Adidas reported a sharp decrease in net income from continuing operations impacted by the decision to terminate the Yeezy partnership
Sports maker Adidas reported a strong decrease in net income from continuing operations up to 83% (€ 254 million in 2022 vs 2021: € 1,492 million) partly related to one-off costs in the amount of € 350 million reflecting the company’s decision to wind down its business in Russia and settled legal dispute with singer Kanye West.
Both basic and diluted EPS from continuing operations also decreased 83% to € 1.25.
Chief executive Bjørn Gulden said “2023 will be a transition year to build the base for 2024 and 2025.“
“We need to reduce inventories and lower discounts. We can then start to build a profitable business again in 2024. adidas has all the ingredients to be successful. But we need to put our focus back on our core: product, consumers, retail partners, and athletes. We will work on strengthening our people and the adidas culture. Motivated people and a strong adidas culture are the most important factors to build a unique adidas business model again. We will bring it back to be the best sports brand in the world once again.”
In 2022, revenues grew 6%, reflecting increases in all market segments except Greater China. From a channel perspective, adidas’ top-line development was supported by growth in both wholesale (+1%) and the company’s own direct-to-consumer (DTC) business (+2%).
E-commerce revenues increased 4% during the year driven by double-digit growth in North America and Latin America. From a category perspective, currency-neutral revenues in Performance grew at a strong double-digit rate, while Lifestyle revenues declined.
From a market perspective, currency-neutral sales grew at a double-digit rate in Latin America (+44%) and North America (+12%). Revenues in EMEA were up 9% amid the significant adverse impact from the wind-down of the company’s business in Russia.
Sales in Asia-Pacific grew 4% in 2022. In Greater China, revenues declined 36% compared to the prior year level due to the challenging market environment, company-specific challenges as well as significant inventory takebacks.
Gross margin at 47.3%
The company’s gross margin decreased 3.4 percentage points to 47.3% in 2022 (2021: 50.7%). Broad-based price increases were more than offset by the strong increase in supply chain costs, reflecting increased product costs and freight expenses.
In addition, higher discounts, particularly in the second half of the year, a less favorable market, category, and channel mix as well as negative currency developments weighed on the gross margin development in 2022.
Net income from continuing operations decreased 83% to € 254 million in 2022, partly related to one-off costs in the amount of € 350 million.

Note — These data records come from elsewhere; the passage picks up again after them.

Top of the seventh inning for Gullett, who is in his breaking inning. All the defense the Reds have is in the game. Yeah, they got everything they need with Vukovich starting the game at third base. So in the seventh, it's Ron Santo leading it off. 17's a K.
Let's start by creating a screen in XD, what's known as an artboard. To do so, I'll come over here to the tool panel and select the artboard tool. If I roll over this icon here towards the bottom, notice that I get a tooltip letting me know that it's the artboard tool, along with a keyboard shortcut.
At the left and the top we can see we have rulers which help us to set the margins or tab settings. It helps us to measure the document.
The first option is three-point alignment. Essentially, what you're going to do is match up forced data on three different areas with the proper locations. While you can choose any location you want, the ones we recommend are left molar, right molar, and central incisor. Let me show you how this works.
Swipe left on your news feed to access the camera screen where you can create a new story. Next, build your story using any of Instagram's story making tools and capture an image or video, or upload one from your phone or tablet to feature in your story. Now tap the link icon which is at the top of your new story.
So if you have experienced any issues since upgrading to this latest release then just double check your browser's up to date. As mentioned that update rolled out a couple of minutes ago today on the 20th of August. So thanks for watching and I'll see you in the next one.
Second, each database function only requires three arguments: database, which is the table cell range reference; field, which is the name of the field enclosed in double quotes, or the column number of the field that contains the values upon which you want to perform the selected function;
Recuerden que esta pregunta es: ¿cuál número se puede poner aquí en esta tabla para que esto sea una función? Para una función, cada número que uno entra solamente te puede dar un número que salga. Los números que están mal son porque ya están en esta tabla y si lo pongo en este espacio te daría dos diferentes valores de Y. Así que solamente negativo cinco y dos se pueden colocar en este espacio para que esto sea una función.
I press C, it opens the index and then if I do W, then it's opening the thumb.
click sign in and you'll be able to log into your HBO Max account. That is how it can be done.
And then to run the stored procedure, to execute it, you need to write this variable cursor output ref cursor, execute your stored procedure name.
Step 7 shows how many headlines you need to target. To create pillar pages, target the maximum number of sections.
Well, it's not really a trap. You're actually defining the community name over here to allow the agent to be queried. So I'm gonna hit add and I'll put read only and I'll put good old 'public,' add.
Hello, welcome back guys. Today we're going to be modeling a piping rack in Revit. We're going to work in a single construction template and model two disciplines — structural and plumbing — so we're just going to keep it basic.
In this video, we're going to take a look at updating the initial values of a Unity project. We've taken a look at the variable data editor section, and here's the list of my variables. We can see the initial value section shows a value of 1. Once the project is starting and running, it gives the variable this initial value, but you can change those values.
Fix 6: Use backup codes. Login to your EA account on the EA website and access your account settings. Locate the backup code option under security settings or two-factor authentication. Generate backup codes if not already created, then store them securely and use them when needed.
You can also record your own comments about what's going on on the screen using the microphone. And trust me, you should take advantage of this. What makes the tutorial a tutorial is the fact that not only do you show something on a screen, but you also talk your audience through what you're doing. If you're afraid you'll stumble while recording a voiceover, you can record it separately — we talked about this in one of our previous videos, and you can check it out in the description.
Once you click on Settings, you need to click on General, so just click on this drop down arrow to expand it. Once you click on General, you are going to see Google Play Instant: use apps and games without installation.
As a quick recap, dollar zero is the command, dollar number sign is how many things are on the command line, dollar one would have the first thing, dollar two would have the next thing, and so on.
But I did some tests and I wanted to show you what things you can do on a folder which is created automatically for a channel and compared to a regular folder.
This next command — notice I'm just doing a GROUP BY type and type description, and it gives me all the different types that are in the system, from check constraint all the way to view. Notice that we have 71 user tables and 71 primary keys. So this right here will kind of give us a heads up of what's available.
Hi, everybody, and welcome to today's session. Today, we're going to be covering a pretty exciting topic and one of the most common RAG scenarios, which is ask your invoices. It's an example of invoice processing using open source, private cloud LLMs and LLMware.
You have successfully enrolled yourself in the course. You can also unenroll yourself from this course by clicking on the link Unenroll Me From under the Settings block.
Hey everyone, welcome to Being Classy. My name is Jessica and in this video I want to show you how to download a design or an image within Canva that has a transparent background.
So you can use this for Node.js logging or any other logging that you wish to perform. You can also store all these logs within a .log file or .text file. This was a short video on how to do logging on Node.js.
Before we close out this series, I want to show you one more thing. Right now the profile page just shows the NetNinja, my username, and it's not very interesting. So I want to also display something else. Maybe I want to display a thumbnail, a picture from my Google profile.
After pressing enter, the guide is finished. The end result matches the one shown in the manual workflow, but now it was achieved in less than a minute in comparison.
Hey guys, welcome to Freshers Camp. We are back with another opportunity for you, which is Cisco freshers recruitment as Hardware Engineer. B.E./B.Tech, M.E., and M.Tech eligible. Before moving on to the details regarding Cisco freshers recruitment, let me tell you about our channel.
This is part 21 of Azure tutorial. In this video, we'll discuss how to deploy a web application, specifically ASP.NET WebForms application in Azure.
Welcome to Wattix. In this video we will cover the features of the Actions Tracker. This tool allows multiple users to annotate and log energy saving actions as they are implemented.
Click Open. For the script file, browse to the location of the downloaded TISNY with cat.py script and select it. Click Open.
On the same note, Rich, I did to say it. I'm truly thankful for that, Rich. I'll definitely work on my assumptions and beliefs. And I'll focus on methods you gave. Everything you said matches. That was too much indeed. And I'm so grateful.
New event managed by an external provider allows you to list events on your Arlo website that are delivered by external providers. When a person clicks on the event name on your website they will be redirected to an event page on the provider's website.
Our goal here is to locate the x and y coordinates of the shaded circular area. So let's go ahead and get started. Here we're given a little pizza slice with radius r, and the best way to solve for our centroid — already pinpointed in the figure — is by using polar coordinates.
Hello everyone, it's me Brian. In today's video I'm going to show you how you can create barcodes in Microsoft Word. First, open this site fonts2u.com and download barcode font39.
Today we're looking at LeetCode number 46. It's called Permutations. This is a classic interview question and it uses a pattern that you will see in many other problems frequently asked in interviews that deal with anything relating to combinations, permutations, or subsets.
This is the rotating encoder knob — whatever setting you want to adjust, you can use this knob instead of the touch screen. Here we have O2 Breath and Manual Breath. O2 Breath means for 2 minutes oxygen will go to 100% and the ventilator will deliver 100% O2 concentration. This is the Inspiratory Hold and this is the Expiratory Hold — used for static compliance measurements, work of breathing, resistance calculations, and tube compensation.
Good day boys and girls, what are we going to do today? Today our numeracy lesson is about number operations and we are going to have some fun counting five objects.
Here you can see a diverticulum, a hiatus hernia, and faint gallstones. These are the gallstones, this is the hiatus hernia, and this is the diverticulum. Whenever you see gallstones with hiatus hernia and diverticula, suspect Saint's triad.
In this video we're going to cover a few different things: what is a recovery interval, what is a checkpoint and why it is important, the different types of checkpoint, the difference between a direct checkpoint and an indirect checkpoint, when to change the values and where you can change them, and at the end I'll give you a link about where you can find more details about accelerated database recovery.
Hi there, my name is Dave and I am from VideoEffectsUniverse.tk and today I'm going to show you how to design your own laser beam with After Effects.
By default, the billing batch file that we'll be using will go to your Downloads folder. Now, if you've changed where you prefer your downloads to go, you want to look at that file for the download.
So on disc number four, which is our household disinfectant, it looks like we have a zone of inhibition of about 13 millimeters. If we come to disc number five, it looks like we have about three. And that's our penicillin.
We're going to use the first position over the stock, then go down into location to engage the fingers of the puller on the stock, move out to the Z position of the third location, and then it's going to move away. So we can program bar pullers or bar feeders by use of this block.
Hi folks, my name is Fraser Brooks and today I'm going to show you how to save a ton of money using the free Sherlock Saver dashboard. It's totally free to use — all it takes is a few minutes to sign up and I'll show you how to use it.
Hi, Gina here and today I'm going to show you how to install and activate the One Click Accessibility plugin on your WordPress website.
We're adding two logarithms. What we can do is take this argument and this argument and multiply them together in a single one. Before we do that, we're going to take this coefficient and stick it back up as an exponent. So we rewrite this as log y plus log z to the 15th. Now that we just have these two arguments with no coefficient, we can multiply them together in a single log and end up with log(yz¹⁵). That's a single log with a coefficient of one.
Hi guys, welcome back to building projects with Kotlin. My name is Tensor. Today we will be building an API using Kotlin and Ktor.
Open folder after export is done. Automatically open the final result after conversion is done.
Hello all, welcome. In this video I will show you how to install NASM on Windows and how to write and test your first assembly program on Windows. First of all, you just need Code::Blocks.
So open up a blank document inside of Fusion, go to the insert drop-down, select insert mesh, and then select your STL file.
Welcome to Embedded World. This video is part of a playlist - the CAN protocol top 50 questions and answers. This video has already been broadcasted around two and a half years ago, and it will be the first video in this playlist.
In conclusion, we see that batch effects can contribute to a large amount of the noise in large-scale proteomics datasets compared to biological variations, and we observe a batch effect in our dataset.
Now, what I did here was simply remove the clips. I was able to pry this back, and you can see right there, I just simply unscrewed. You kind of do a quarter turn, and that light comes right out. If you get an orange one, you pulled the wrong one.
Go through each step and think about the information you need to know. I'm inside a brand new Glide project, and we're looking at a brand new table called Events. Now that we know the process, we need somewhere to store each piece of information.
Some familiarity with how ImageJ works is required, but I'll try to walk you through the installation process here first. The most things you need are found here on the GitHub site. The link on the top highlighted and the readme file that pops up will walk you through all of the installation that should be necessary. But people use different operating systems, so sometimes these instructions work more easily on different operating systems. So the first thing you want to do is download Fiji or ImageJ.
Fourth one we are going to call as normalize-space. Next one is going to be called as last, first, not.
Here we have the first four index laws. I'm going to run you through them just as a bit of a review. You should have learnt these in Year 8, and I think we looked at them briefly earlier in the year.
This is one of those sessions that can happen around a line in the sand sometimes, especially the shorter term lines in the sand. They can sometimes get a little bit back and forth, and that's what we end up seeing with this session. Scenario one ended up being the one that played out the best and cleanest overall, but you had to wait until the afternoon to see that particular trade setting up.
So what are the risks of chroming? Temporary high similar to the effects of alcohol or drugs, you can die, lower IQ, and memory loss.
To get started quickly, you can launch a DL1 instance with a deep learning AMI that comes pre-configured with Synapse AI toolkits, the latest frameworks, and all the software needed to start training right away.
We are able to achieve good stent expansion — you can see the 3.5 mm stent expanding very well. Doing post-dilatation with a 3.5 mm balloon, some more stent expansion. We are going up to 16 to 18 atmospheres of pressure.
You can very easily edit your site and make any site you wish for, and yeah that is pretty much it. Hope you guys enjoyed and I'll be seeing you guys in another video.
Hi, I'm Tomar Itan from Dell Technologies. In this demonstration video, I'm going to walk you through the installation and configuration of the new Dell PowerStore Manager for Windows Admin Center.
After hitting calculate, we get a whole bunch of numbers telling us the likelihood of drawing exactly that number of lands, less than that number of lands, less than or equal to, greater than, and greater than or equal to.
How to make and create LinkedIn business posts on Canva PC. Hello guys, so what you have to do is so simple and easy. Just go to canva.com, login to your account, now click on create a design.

At the end of December 2022, inventories increased 49% to € 5,973 million mainly driven by higher product and freight costs, a different order pattern as a result of longer transportation lead times, the termination of the Yeezy partnership, as well as lower prior year comparables due to last year’s impact from the factory lockdowns in Vietnam.
In 2023, adidas expects revenues to decline at a high-single-digit rate as macroeconomic challenges and geopolitical tensions persist.
The company’s revenue development will also be impacted by the initiatives to significantly reduce high inventory levels. In addition, while the company continues to review future options for the utilization of its Yeezy inventory, the guidance already reflects the revenue loss of around € 1.2 billion from potentially not selling the existing stock.
Accounting for the corresponding negative operating profit impact of around € 500 million, the company’s underlying operating profit is projected to be around the break-even level in 2023.
Reported operating loss of € 700 million projected
Should the company irrevocably decide not to repurpose any of the existing Yeezy product going forward, this would result in the potential write-off of the existing Yeezy inventory and would lower the company’s operating profit by an additional € 500 million this year.
In addition, adidas expects one-off costs of up to € 200 million in 2023. These costs are part of a strategic review the company is currently conducting aimed at reigniting profitable growth as of 2024. If all these effects were to materialize, the company expects to report an operating loss of € 700 million in 2023.
The adidas Executive and Supervisory Boards will recommend paying a dividend of € 0.70 per share, reflecting a payout ratio of 49.2% (2022: 40.9%) of net income from continuing operations and is at the upper end of the target range of between 30% and 50% of net income from continuing operations as defined in adidas’ dividend policy.